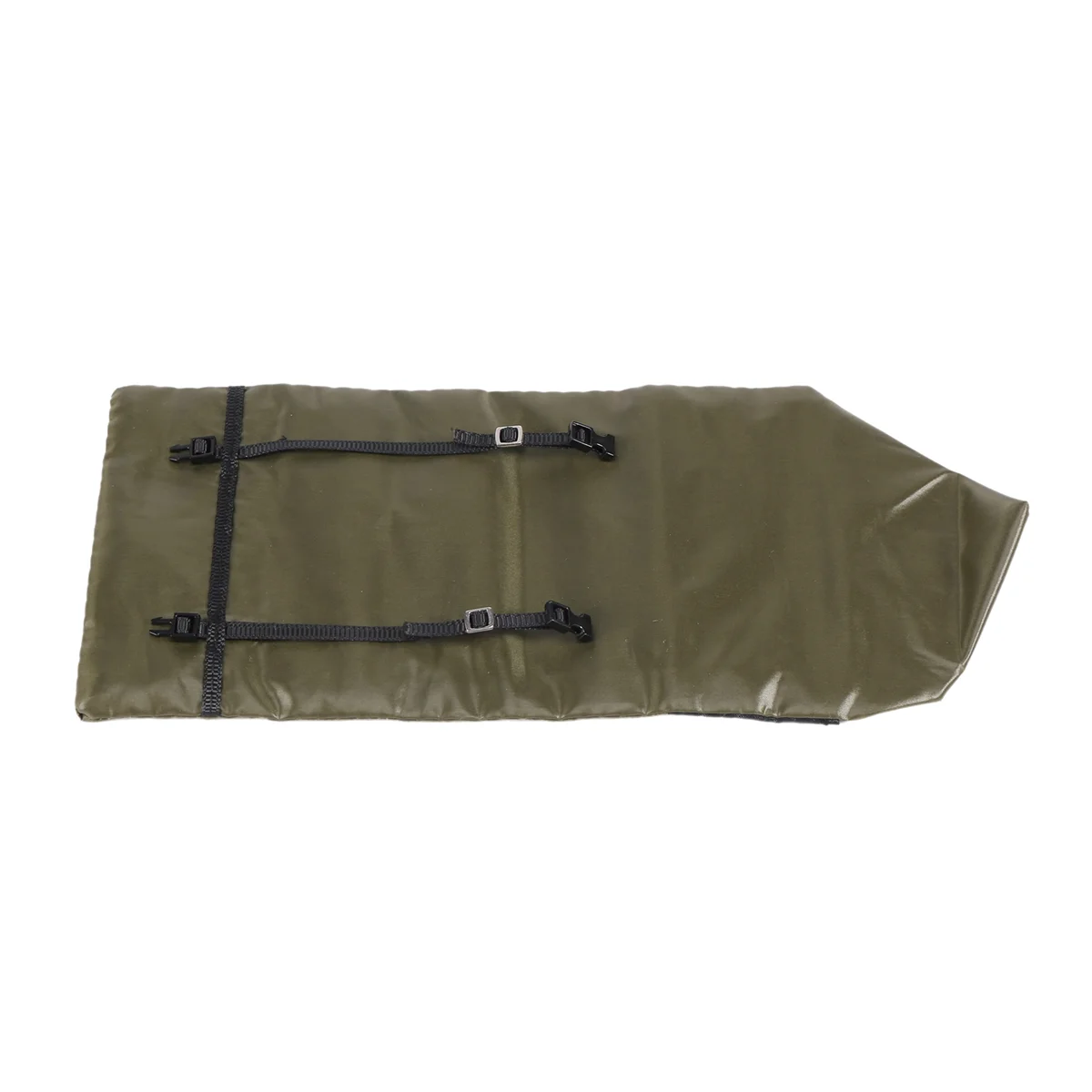 

ABEZZ RC Car Simulation Sleeping Bag Decoration for 1/10 RC Crawler Car Axial SCX10 90046 Traxxas TRX4 D90 YK4102 YK4103,2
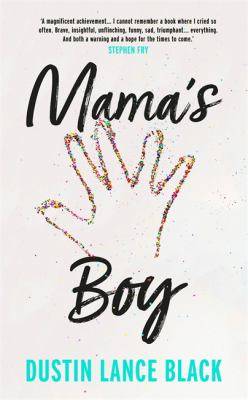 Mama-s Boy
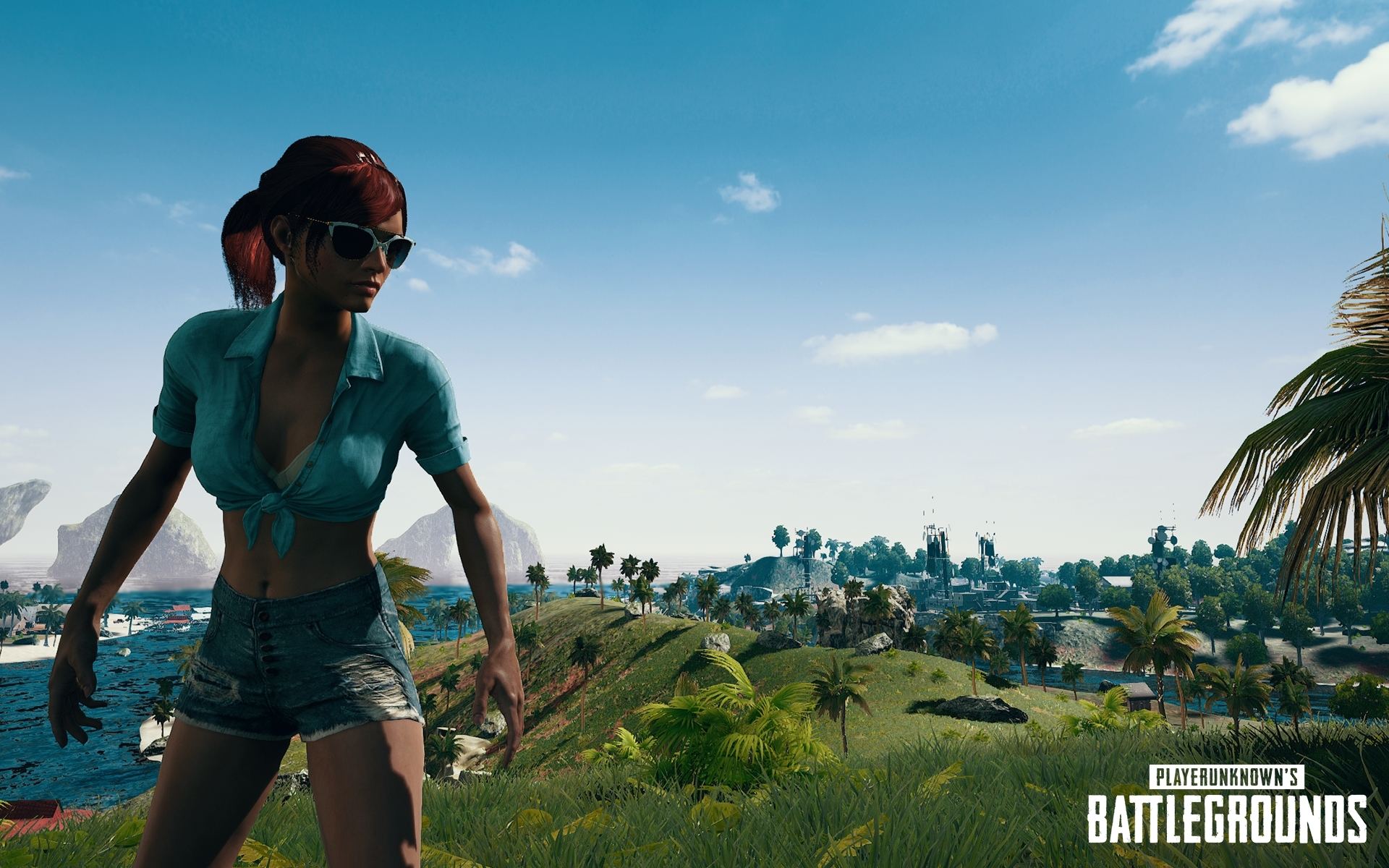 pubg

▶ REQUIREMENT: Set the listing down verbatim, excluding pictures.

▶ RESULT FOR THIS EXERCISE:
ABEZZ RC Car Simulation Sleeping Bag Decoration for 1/10 RC Crawler Car Axial SCX10 90046 Traxxas TRX4 D90 YK4102 YK4103,2
 Mama-s Boy
 pubg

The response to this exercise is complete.